Madagascar is a hotspot for whale sharks
ANTANANARIVO (MADAGASCAR)-The isolated island continent of Madagascar is a hotspot for whale sharks. This was confirmed by a new study published in the journal Endangered Species Research this summer.
It revealed that juvenile whale sharks swim to Madagascar to feed. 85 individual sharks were identified in a single season using photographs of their distinctive spot patterns.
An isolated ‘island continent’, famed for animals and plants that exist nowhere else in the world, Madagascar’s nutrient-rich waters are also home to an incredible array of marine life attracting increasing numbers of tourists.
Whale sharks are primarily seen around the small island of Nosy Be, in northwest Madagascar. This area is a globally important hotspot for large marine species, including manta rays, sea turtles, humpback whales and even rare Omura’s whales.
Madagascar Whale Shark Project
The study is part of the Madagascar Whale Shark Project, a collaboration initiated in 2016 by researchers from the Marine Megafauna Foundation, Florida International University, and Mada Megafauna.
Lead author and project leader Stella Diamant said in a press release: “We’ve found that whale sharks regularly visit Nosy Be between September and December. That has led to a growing ecotourism industry, as people travel to see and swim with these gigantic, harmless sharks. We’re still learning about their population structure and movement patterns, but it’s clear the area is an important hotspot for the species.”
Largest fish in the world
Whale sharks are the largest fish in the world, growing up to 20 meters long. However, all of the sharks seen in Madagascar have been juveniles of less than nine meters.

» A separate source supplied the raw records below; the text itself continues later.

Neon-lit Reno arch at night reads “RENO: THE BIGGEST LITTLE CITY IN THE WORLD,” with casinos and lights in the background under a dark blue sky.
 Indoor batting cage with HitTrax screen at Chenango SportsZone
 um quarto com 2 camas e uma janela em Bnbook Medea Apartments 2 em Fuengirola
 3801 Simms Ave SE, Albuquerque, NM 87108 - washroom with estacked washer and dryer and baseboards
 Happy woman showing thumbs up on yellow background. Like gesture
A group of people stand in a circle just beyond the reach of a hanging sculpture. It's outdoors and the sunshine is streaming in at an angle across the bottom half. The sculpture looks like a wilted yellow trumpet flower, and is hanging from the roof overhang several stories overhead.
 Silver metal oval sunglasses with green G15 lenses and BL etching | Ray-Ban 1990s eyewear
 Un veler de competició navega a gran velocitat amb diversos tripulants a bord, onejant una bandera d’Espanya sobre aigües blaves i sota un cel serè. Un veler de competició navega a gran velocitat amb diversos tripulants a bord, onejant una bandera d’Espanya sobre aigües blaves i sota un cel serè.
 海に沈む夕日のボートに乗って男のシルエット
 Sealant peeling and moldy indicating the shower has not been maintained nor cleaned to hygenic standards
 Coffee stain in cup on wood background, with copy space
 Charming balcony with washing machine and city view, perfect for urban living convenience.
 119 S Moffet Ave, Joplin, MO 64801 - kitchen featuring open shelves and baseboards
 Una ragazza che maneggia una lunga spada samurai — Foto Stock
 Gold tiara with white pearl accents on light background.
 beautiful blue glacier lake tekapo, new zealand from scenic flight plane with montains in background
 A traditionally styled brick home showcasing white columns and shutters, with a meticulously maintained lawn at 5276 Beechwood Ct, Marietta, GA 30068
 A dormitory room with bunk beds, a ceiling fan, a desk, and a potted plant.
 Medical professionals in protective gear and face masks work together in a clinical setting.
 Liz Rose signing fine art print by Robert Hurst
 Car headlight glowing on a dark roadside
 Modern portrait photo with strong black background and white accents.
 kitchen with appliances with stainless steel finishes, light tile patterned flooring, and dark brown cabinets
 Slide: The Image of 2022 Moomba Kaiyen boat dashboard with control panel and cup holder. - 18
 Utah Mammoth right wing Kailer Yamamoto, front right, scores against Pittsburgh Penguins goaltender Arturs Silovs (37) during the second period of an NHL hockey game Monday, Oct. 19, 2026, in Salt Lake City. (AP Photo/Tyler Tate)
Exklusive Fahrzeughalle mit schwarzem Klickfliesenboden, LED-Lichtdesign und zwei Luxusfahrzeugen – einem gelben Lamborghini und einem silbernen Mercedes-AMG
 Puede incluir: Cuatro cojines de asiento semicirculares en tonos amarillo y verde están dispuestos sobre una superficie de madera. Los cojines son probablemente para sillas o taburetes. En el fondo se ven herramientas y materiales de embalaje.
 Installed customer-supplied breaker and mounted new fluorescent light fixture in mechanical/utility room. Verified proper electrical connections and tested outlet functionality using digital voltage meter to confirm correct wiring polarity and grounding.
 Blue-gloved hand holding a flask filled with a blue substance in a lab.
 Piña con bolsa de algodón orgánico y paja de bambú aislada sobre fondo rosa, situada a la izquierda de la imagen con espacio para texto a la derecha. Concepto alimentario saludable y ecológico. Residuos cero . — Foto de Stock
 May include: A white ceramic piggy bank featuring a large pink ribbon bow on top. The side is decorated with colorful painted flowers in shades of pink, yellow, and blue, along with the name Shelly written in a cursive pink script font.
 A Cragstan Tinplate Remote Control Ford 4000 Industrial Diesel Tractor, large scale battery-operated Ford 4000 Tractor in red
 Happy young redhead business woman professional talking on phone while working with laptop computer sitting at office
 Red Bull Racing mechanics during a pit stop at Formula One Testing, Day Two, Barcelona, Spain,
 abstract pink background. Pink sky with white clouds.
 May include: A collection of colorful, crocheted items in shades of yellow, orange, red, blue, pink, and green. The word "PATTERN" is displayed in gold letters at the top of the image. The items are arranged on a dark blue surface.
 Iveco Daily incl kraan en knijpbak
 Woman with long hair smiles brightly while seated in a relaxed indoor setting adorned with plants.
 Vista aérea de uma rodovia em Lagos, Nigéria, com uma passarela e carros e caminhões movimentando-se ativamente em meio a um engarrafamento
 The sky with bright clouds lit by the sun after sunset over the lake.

“We identified 85 individual whale sharks over our first season in 2016. Some of the sharks were present across several months. They spend a lot of time in the area and seem to come here to feed,” Diamant said.
The marine biologists uploaded photographs of the sharks’ unique spot patterns to Wildbook for Whale Sharks (a global database of sightings) and compared them with data collected from known feeding areas in the Indian Ocean, including Djibouti, the Maldives, Mozambique, Seychelles and Tanzania, but found no overlap.
“Whale sharks are a globally endangered species due to overfishing, accidental catches and boat strikes. Major declines in sightings have been seen in Mozambique, where we’ve documented a 79% decline in sightings since 2005, and the Seychelles. I was hoping that some of those sharks might have shifted over to Madagascar”, said co-author Dr Simon Pierce, co-founder and principal scientist at the Marine Megafauna Foundation.
“Unfortunately, that doesn’t seem to be the case. It’s great news for Madagascar though. These sharks can be a major asset for the country. There’s already a good marine ecotourism industry developing”, he added.